- [Aim of the task] Starting at the line that contains "The other course" and ending at the line that contains "First attach your", the lines below are to be given again exactly, with nothing added.

Records drawn from a dataset
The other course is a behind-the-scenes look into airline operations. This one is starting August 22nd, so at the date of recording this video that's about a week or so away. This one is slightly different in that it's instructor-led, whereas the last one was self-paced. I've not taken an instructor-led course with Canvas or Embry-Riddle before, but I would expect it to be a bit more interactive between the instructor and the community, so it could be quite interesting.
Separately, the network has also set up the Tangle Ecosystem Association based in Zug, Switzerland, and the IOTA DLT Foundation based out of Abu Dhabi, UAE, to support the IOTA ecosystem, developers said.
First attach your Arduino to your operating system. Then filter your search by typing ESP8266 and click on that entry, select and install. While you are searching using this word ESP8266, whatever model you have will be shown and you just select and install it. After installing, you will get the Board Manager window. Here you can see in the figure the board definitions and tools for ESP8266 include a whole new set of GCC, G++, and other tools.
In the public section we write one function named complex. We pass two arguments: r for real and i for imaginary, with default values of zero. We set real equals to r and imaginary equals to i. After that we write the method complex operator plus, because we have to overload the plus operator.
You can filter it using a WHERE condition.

==

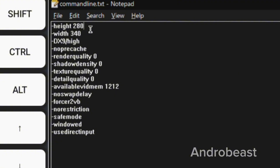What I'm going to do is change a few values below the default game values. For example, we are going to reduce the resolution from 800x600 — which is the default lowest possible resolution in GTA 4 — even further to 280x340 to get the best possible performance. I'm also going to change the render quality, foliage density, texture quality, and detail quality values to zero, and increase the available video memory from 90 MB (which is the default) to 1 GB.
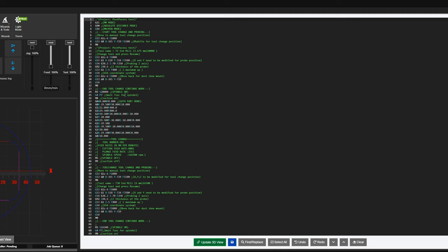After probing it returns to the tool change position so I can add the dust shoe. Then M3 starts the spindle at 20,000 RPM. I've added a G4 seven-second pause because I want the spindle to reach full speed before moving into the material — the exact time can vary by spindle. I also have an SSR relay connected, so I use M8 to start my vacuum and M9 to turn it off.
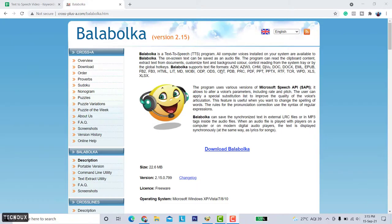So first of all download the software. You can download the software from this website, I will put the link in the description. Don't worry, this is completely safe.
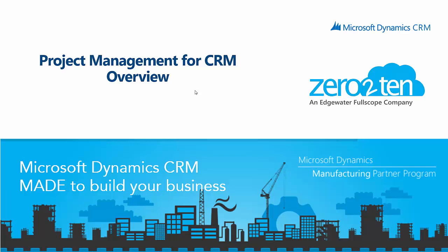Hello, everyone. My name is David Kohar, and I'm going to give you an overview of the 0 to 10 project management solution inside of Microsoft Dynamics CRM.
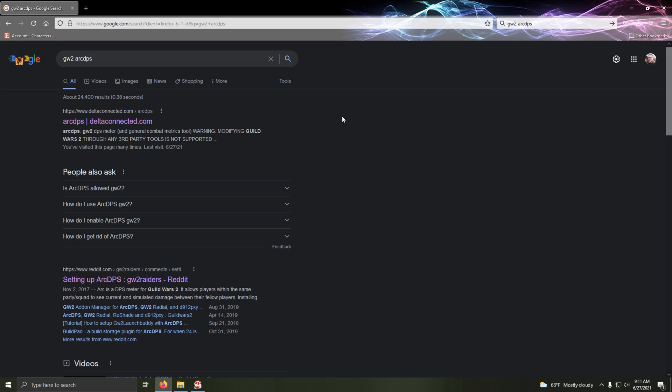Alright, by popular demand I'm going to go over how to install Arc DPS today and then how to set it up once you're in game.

- [The completed task]
The other course is a behind-the-scenes look into airline operations. This one is starting August 22nd, so at the date of recording this video that's about a week or so away. This one is slightly different in that it's instructor-led, whereas the last one was self-paced. I've not taken an instructor-led course with Canvas or Embry-Riddle before, but I would expect it to be a bit more interactive between the instructor and the community, so it could be quite interesting.
Separately, the network has also set up the Tangle Ecosystem Association based in Zug, Switzerland, and the IOTA DLT Foundation based out of Abu Dhabi, UAE, to support the IOTA ecosystem, developers said.
First attach your Arduino to your operating system. Then filter your search by typing ESP8266 and click on that entry, select and install. While you are searching using this word ESP8266, whatever model you have will be shown and you just select and install it. After installing, you will get the Board Manager window. Here you can see in the figure the board definitions and tools for ESP8266 include a whole new set of GCC, G++, and other tools.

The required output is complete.